What to produce: An exact copy of the data is needed, but without any of its images.

Dataset excerpt:
■ ■ ■ ■ ■ ■ ■
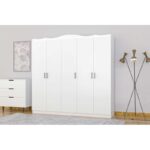 Ντουλάπα Lavinia άσπρο μελαμίνη 175x50x186εκ ed14394 - Image 5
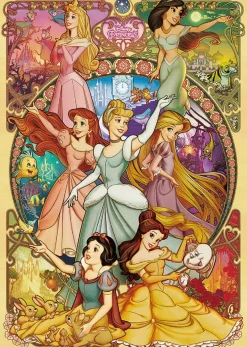 Tenyo Japan Jigsaw Puzzle D500-657 Disney Beautiful Princesses (500 Pieces) Store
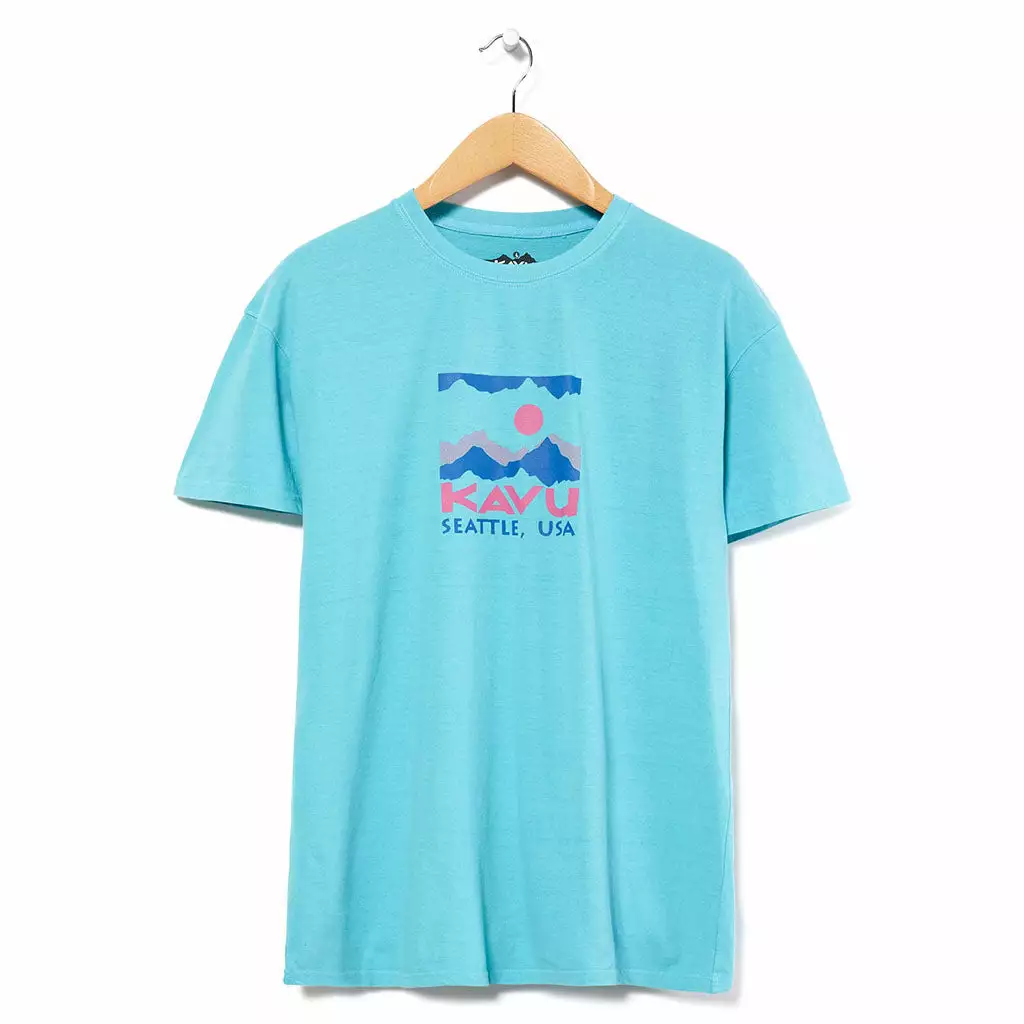 KAVU New Sticker Square Tee | Men's 5 KAVU New Sticker Square Tee | Men's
■ ■ ■ ■ ■ ■ ■
Answer for this exercise:
 Ντουλάπα Lavinia άσπρο μελαμίνη 175x50x186εκ ed14394 - Image 5
 Tenyo Japan Jigsaw Puzzle D500-657 Disney Beautiful Princesses (500 Pieces) Store
 KAVU New Sticker Square Tee | Men's 5 KAVU New Sticker Square Tee | Men's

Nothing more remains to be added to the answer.